La ópera prima de la célebre actriz, cortometrajista y coreógrafa estadounidense, Celia Rowlson-Hall, da comienzo con el encuentro entre nuestra chica anónima y su nuevo chófer: una suerte de neo-James Dean, parecido al guaperas-no-demasiado-inteligente de A Girl Walks Home Alone at Night. Pero no nos dejemos engañar por la dulzura de esta cita casual. Igual que el debut de Ana Lily Amirpour, no se trata de un Girl Meets Boy cualquiera.
¿Qué podría ser mejor que una vampiresa iraní?, os estaréis preguntando. La respuesta es: una Virgen María, feminista y posmoderna.
Castidad, honra y pureza conforman la tríada de virtudes que han definido el mito de la Virgen María a lo largo de los siglos. Asimismo, más allá del celibato, sus buenas obras estuvieron marcadas por sus votos de obediencia y su incuestionada sumisión.
El intrépido salto al largometraje de esta joven autora –presentado en la última edición de Tribeca y Venecia– propone una revisión feminista de la iconografía del personaje bíblico, a través de la descontextualización temporal de los acontecimientos narrados en el Antiguo Testamento.
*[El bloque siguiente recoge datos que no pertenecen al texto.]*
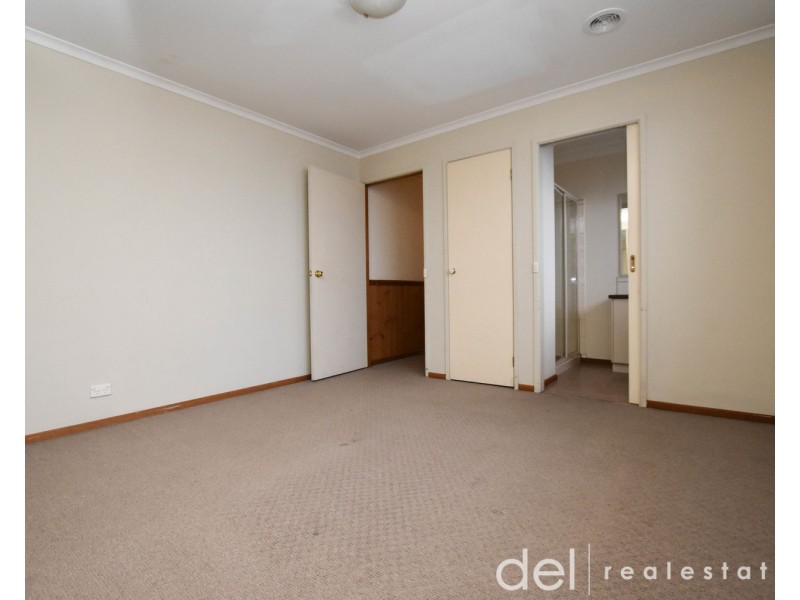 64 Norfolk Drive, Narre Warren VIC 3805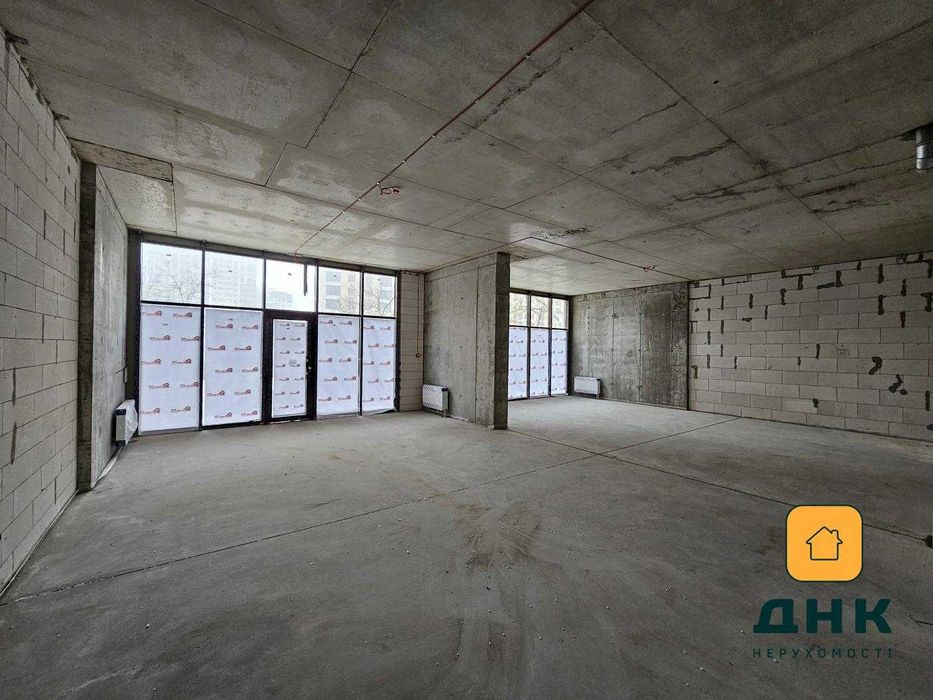 Фасадная коммерция в Аркадии 118 метров, 2 входа с Генуэзской и двора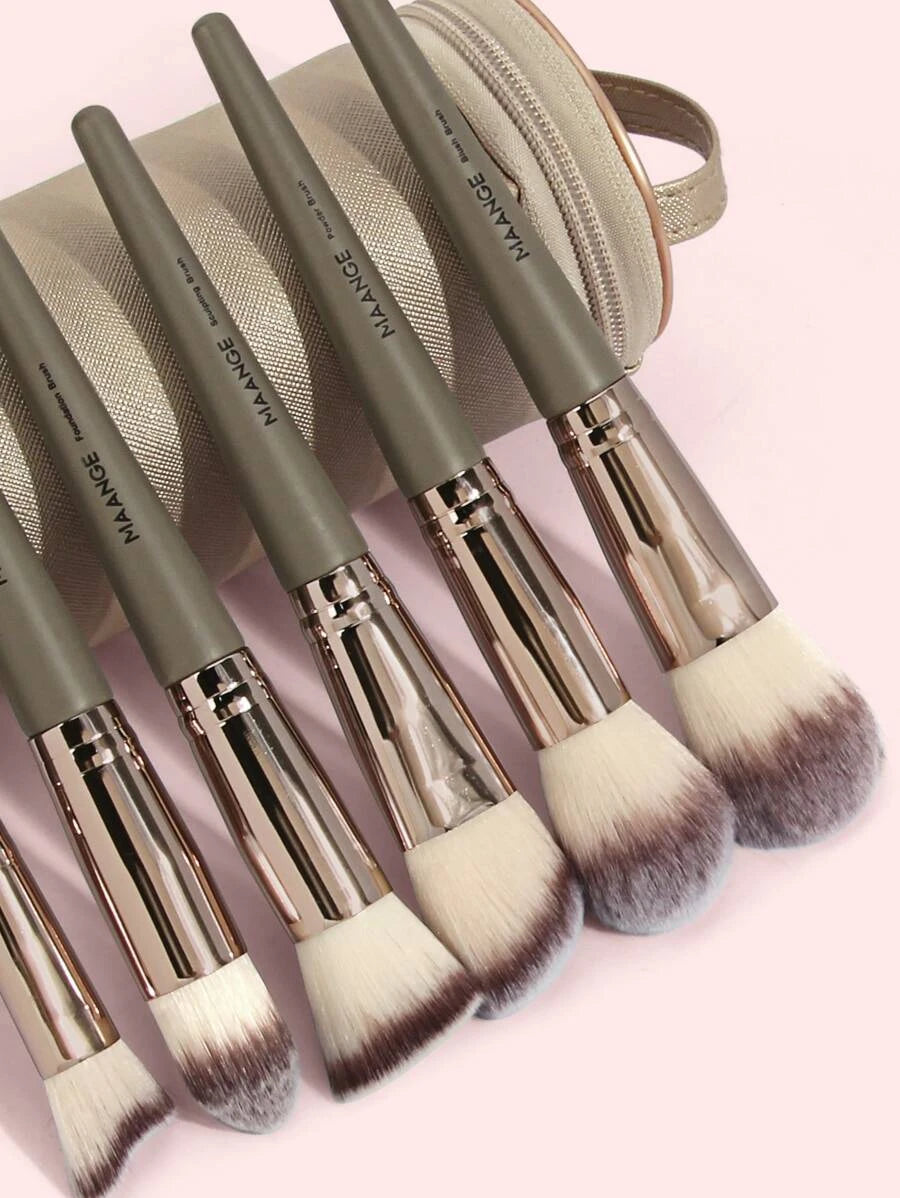 SheIn 18-piece brush set with luxury bag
La directora (y actriz protagonista) de esta road movie, cuya meta será la concupiscente ciudad de Las Vegas, no da voz propia a su personaje. Al tratarse de una película muda, la Santa hablará a través de sus expresiones faciales y unos gestos perfectamente coreografiados. De este modo, aunque desconozcamos la voz de la Virgen, Rowlson-Hall le otorga un don más humano, preciado y esencial: el derecho a pensar y actuar por ella misma, como un ser humano autónomo; y, sobre todo, como una mujer autosuficiente.
Sin embargo, la adquisición de conciencia genera dudas existenciales que no puede resolver.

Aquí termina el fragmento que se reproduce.